A few months ago, I received a text message from the parent of a former student, telling me that his son had scored a 35 on the English portion of the ACT. The student had said his success was “thanks to Mrs. Pewthers,” but I know it was his exposure to the Structure and Style writing method and his completion of Fix It! Grammar in grades six through nine that led to his mastery of English grammar and writing.

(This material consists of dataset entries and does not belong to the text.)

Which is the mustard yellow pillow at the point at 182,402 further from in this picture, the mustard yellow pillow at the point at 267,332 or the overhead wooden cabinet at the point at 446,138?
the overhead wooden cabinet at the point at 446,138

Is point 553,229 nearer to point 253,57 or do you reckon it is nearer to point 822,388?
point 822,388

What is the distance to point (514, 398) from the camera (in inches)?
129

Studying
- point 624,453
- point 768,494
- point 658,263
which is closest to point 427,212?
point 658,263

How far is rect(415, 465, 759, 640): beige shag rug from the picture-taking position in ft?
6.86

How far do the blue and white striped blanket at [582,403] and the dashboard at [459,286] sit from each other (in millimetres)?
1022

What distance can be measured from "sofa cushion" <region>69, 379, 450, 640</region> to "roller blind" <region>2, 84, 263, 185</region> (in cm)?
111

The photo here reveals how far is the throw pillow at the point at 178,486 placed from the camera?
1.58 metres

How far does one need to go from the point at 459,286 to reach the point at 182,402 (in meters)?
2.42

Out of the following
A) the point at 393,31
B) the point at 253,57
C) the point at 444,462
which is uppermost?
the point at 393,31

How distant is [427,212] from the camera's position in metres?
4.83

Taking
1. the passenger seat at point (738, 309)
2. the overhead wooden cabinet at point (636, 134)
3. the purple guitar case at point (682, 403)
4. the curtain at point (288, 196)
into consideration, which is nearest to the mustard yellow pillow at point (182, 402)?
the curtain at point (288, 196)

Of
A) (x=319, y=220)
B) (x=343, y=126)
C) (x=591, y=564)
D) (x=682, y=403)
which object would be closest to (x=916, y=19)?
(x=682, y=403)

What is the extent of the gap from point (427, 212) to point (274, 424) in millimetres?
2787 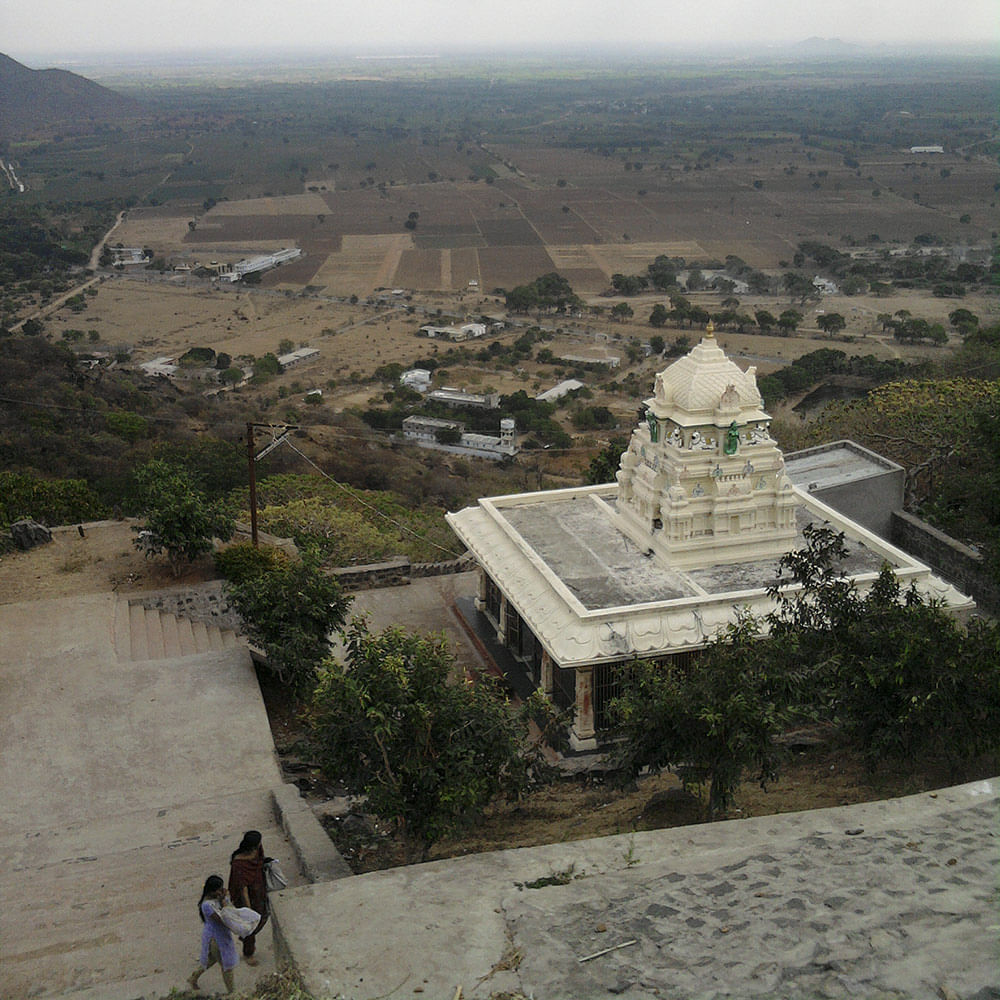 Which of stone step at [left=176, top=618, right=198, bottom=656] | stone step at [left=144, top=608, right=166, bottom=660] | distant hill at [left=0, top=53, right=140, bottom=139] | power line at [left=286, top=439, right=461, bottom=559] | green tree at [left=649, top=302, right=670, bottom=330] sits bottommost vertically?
green tree at [left=649, top=302, right=670, bottom=330]

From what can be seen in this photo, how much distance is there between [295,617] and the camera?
15062 mm

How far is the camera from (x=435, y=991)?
655cm

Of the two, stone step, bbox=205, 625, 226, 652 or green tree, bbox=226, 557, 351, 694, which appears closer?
green tree, bbox=226, 557, 351, 694

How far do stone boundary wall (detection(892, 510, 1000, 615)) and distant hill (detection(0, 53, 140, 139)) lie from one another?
119056 millimetres

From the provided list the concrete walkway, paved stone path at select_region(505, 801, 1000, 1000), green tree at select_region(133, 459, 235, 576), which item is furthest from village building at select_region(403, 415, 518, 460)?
paved stone path at select_region(505, 801, 1000, 1000)

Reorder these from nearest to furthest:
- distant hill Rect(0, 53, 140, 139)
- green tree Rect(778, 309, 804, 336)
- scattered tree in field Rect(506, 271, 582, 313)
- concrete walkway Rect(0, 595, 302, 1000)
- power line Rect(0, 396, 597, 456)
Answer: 1. concrete walkway Rect(0, 595, 302, 1000)
2. power line Rect(0, 396, 597, 456)
3. green tree Rect(778, 309, 804, 336)
4. scattered tree in field Rect(506, 271, 582, 313)
5. distant hill Rect(0, 53, 140, 139)

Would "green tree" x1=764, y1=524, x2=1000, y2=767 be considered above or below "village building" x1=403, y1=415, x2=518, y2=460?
above

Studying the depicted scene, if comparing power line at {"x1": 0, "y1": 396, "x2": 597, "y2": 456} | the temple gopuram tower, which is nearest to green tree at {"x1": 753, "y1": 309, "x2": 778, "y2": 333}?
power line at {"x1": 0, "y1": 396, "x2": 597, "y2": 456}

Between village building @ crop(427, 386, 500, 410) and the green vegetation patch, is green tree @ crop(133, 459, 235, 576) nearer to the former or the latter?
the green vegetation patch

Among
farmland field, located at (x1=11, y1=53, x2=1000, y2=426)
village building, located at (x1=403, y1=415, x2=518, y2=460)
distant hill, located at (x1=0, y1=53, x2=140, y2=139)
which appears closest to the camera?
village building, located at (x1=403, y1=415, x2=518, y2=460)

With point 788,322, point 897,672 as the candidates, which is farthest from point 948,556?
point 788,322

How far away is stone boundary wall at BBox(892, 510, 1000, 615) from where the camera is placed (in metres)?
18.0

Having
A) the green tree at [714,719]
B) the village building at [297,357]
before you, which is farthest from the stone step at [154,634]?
the village building at [297,357]

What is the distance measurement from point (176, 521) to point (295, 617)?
3.81m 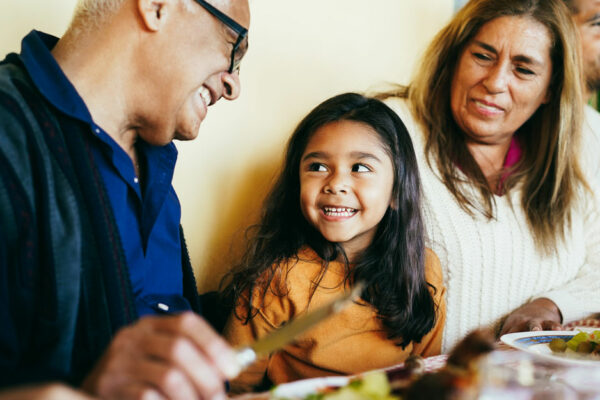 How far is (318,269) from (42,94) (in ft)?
2.90

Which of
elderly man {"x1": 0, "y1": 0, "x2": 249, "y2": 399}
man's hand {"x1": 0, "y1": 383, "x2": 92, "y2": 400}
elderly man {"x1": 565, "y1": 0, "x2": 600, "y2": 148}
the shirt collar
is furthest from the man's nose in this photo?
elderly man {"x1": 565, "y1": 0, "x2": 600, "y2": 148}

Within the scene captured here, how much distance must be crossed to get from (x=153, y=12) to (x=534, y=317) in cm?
138

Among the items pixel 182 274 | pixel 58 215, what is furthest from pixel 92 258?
pixel 182 274

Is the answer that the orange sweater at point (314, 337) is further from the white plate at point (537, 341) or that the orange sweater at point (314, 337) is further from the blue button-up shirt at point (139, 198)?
the white plate at point (537, 341)

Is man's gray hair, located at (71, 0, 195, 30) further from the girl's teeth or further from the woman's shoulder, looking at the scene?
the woman's shoulder

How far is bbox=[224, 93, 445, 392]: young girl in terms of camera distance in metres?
1.57

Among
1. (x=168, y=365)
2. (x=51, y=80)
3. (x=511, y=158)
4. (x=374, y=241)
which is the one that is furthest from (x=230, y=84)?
(x=511, y=158)

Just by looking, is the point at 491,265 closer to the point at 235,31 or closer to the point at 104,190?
the point at 235,31

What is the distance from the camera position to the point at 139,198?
1314mm

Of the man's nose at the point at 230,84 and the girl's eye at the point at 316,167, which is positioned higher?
the man's nose at the point at 230,84

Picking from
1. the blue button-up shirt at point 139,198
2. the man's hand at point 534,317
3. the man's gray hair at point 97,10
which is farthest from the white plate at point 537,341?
the man's gray hair at point 97,10

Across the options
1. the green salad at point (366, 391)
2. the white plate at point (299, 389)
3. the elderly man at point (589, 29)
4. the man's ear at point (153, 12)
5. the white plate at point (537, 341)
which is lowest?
the white plate at point (537, 341)

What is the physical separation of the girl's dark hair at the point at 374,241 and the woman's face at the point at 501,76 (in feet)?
0.88

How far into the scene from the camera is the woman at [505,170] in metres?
1.81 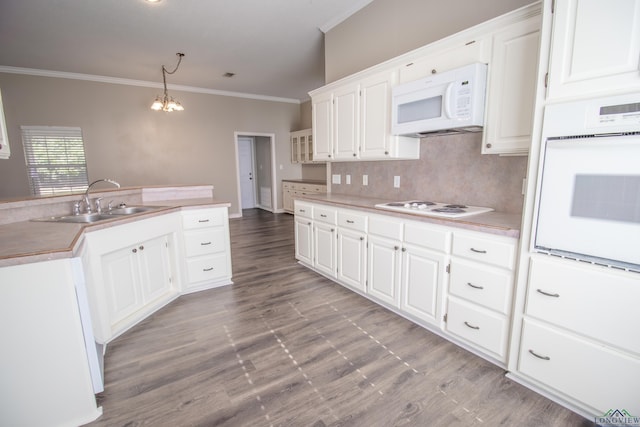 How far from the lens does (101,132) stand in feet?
17.8

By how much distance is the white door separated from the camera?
8.34 m

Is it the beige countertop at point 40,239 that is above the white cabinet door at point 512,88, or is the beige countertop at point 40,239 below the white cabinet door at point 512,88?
below

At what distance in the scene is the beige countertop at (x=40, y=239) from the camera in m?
1.32

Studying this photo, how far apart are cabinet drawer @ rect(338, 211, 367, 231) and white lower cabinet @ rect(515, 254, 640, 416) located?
1323mm

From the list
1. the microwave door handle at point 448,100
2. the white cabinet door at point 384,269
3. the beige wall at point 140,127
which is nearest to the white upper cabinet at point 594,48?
the microwave door handle at point 448,100

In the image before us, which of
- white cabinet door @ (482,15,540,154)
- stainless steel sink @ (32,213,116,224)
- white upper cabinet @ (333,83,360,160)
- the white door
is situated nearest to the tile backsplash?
white cabinet door @ (482,15,540,154)

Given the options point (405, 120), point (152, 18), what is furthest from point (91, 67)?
point (405, 120)

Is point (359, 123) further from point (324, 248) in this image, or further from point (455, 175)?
point (324, 248)

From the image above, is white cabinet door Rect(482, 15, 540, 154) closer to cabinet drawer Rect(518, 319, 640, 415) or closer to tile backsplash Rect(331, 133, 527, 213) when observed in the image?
tile backsplash Rect(331, 133, 527, 213)

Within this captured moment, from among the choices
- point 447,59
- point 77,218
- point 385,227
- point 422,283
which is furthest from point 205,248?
point 447,59

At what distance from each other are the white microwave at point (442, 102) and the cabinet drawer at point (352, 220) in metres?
0.80

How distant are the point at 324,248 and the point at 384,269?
2.93ft

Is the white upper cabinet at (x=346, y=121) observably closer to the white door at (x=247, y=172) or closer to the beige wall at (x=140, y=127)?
the beige wall at (x=140, y=127)

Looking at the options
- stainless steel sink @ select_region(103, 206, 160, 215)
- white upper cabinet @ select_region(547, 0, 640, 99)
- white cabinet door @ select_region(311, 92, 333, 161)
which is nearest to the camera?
white upper cabinet @ select_region(547, 0, 640, 99)
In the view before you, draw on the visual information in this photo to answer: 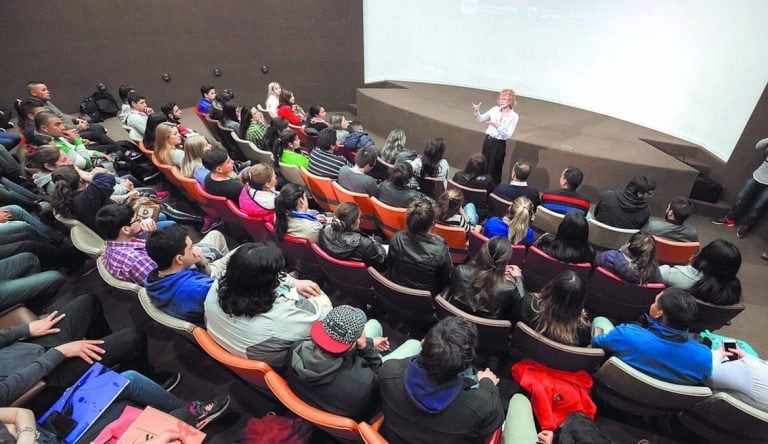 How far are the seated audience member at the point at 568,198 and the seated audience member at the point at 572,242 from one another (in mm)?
764

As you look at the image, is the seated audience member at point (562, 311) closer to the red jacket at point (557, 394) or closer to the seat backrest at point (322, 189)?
the red jacket at point (557, 394)

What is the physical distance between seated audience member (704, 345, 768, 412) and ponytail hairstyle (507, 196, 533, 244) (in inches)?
52.0

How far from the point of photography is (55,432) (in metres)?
1.56

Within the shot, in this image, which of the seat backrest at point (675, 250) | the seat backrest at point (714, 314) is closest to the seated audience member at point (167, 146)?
the seat backrest at point (675, 250)

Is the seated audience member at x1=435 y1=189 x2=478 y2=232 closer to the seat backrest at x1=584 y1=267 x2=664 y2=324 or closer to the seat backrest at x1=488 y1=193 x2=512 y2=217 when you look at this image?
the seat backrest at x1=488 y1=193 x2=512 y2=217

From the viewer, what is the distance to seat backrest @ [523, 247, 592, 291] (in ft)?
8.50

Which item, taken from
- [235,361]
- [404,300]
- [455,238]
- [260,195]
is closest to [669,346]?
[404,300]

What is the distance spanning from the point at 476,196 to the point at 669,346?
2182 millimetres

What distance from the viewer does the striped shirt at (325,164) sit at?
12.8 ft

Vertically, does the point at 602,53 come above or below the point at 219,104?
above

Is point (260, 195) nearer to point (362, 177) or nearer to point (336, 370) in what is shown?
point (362, 177)

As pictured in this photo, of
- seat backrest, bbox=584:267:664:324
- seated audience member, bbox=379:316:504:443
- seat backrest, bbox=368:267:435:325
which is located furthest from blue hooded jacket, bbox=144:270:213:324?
seat backrest, bbox=584:267:664:324

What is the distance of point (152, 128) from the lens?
431cm

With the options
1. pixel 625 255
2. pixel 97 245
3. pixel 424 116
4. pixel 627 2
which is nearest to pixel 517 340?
pixel 625 255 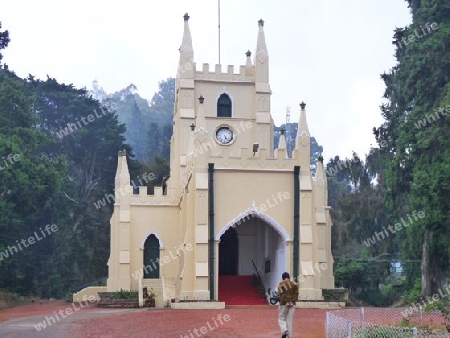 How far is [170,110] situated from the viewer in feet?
403

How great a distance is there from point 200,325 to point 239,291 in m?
12.2

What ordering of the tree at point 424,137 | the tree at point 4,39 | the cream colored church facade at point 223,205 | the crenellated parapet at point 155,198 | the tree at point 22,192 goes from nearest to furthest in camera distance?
the cream colored church facade at point 223,205 → the tree at point 424,137 → the crenellated parapet at point 155,198 → the tree at point 22,192 → the tree at point 4,39

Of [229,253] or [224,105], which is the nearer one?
[229,253]

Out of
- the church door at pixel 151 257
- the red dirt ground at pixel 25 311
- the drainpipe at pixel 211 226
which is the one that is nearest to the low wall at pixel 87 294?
the red dirt ground at pixel 25 311

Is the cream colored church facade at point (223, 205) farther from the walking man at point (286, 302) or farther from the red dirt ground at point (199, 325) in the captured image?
the walking man at point (286, 302)

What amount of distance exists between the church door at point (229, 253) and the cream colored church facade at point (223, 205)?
0.05 m

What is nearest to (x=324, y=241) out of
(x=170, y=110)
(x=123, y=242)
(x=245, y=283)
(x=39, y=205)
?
(x=245, y=283)

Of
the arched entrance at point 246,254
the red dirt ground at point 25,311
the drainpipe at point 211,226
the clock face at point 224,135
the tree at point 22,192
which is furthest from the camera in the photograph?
the tree at point 22,192

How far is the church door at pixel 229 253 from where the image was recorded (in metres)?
33.6

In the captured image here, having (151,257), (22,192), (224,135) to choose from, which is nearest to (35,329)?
(151,257)

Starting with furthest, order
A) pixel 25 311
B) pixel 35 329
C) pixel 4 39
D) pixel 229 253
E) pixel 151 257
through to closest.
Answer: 1. pixel 4 39
2. pixel 151 257
3. pixel 229 253
4. pixel 25 311
5. pixel 35 329

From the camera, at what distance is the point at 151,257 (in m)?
35.2

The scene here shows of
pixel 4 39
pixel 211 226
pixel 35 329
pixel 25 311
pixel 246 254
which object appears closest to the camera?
pixel 35 329

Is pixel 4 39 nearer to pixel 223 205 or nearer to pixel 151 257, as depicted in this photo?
pixel 151 257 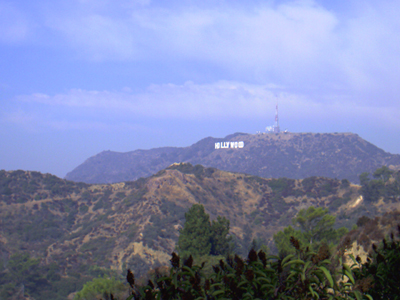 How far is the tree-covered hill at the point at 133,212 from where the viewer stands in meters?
66.2

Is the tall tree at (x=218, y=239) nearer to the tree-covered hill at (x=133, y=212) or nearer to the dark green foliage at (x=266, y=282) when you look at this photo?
the tree-covered hill at (x=133, y=212)

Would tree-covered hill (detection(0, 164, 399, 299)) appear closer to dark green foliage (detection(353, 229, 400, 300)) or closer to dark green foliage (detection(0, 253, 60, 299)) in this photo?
dark green foliage (detection(0, 253, 60, 299))

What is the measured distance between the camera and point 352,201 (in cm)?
8900

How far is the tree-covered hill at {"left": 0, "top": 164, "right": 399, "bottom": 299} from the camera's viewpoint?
6625 centimetres

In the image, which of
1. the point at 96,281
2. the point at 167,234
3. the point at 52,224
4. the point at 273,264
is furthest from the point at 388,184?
the point at 273,264

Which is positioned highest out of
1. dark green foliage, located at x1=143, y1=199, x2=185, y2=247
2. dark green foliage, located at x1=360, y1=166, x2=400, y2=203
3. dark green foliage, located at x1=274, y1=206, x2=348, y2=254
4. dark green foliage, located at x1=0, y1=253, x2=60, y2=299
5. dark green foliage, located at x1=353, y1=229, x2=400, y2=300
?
dark green foliage, located at x1=353, y1=229, x2=400, y2=300

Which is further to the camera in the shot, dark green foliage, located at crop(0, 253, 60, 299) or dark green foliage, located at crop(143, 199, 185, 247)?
dark green foliage, located at crop(143, 199, 185, 247)

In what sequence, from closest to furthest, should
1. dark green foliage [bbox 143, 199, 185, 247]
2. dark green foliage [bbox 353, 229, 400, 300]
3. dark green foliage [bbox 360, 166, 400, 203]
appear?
dark green foliage [bbox 353, 229, 400, 300] < dark green foliage [bbox 143, 199, 185, 247] < dark green foliage [bbox 360, 166, 400, 203]

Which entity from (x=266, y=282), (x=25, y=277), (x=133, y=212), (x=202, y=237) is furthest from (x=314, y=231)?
(x=133, y=212)

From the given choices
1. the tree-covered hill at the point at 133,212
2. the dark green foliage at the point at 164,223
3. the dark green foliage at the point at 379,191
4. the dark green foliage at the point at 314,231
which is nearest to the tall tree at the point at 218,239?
the dark green foliage at the point at 314,231

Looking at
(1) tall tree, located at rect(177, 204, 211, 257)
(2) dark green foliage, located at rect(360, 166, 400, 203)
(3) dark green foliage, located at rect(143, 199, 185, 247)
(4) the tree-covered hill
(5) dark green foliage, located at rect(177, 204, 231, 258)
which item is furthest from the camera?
→ (2) dark green foliage, located at rect(360, 166, 400, 203)

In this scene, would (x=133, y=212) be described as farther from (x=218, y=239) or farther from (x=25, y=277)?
(x=218, y=239)

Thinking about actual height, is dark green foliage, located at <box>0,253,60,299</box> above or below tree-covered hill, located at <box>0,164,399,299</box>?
below

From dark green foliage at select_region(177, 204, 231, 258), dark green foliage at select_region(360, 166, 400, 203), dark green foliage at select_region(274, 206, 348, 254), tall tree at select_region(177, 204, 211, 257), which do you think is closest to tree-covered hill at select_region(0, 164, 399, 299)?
dark green foliage at select_region(360, 166, 400, 203)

Andrea Pewthers has thirteen years of experience teaching the IEW system in the middle school language arts classroom as well as serving as her school’s lead/mentor teacher. She was featured as IEW’s 2017 Teacher of the Year. After graduating with a BA in English from Oklahoma State University, Andrea worked in non-profit development positions in Texas and Oklahoma, writing grant proposals and marketing materials. Seeking to return to the workforce after a stint at home with young children, Andrea accepted a position teaching middle school English at a private school in Tulsa, Oklahoma. At the time, she remembers thinking, “I know how to write, but I don’t know how to teach someone to write.” A friend introduced Andrea to the IEW Teaching Writing: Structure and Style course. A live training with Andrew Pudewa solidified her understanding of the methodology. She loves that the curriculum allowed her to weave grammar, writing, and literature together into an efficient language arts classroom and looks forward to helping other teachers and schools do the same.